Benjamin Banneker
A name revered in virtually every African American household, Benjamin Banneker is remembered as the black farmer who surveyed the land on which the nation's capitol was built and who wrote an explosive, much-publicized letter to Thomas Jefferson, accusing him and the other Founding Fathers of going back on their pledge to preserve the self-evident rights of all its people. But, as Charles Cerami shows in this fascinating biography, while those two accomplishments were indeed remarkable, they only hint at the true scope of Banneker's genius.
Benjamin Banneker was born in rural Maryland in 1731, the descendent of slaves. Early on, he demonstrated extraordinary mathematical and analytical abilities, along with a photographic memory. Between twelve-hour shifts on the family farm, young Banneker, without the benefit of formal schooling and with little more than a handful of borrowed texts as his guide, achieved excellence as a mathematician and astronomer, and honed an elegant writing style on par with the finest writers of his day. Later in life, his self-taught expertise as a surveyor led to his playing a pivotal role in planning Washington, D.C. And his "Banneker's Almanac," first appearing in 1791 and continuing as a bestseller for years after, was celebrated for the accuracy of the celestial movements it provided navigators and its weather forecasts, as well as its humorous anecdotes, philosophical essays, and extraordinarily fine prose and poetry.
But Banneker's most remarkable achievements were in the field of astronomy.

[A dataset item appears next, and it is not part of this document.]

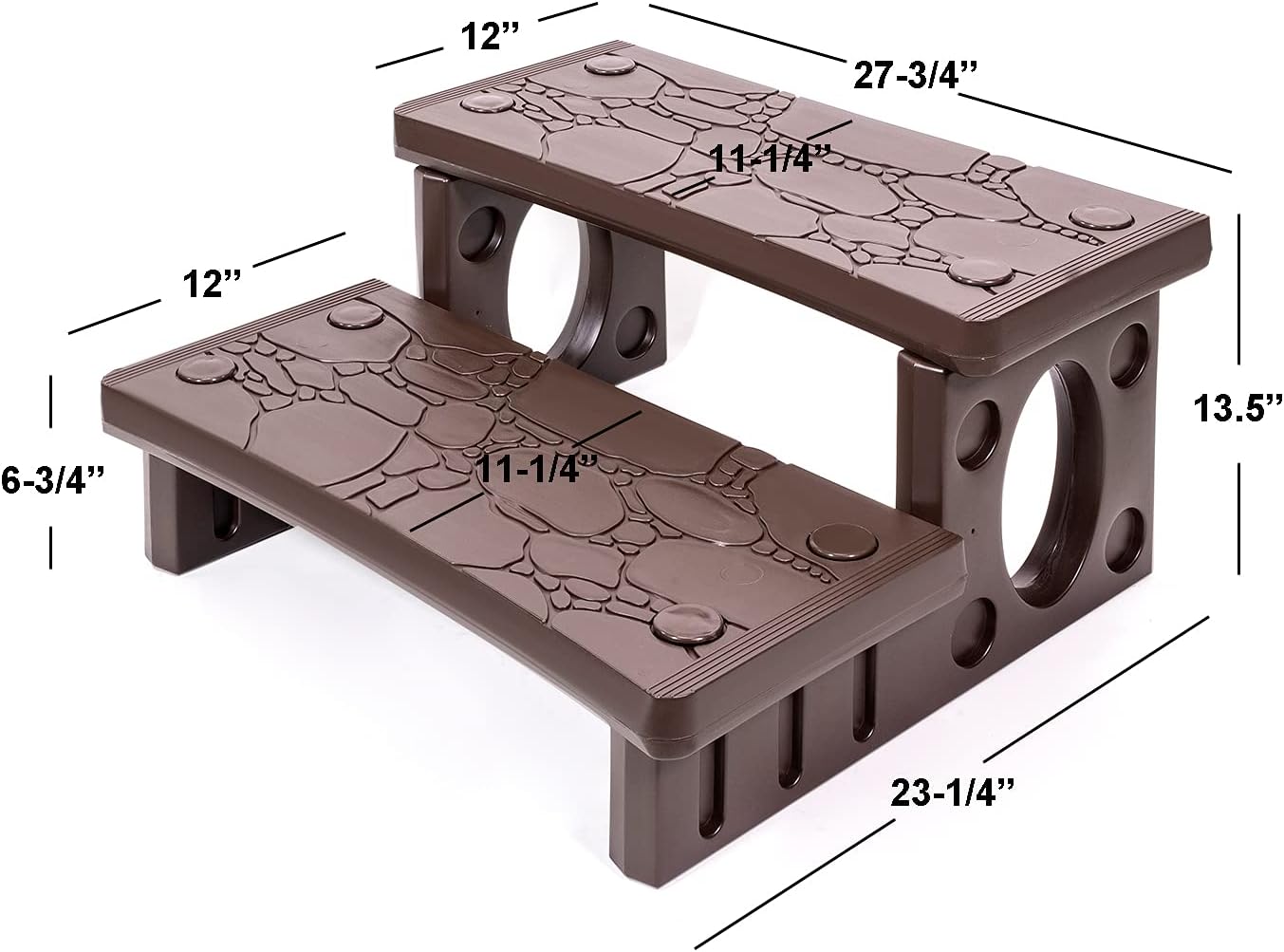 XtremepowerUS Premium Multi Purpose 2-Step Spa Hot Tub RV Campers Deck Steps Deck, Spa, Hot Tub, Bathtub, Swimming Pool Sided Step Non-Slip Steps for Outdoor/Indoor (Gray)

Long before the Hubble Orbiting Telescope, he hypothesized that the unusual changes in the light coming from Sirius, the Dog Star, could be attributed to the now established fact that it is actually two stars in orbit around one another. More than a century before technology enabled astronomers to confirm that many stars are circled by planets, Banneker wrote of "extra-solar" planets that were probably inhabited by sentient beings. And his speculations about light and the relative nature of time anticipated Einstein's thinking by more than a century.
"Benjamin Banneker" is the long-overdue biography of a true American hero and a scientific genius of the first order, and the first step in securing for its subject the place in history he undoubtedly deserves.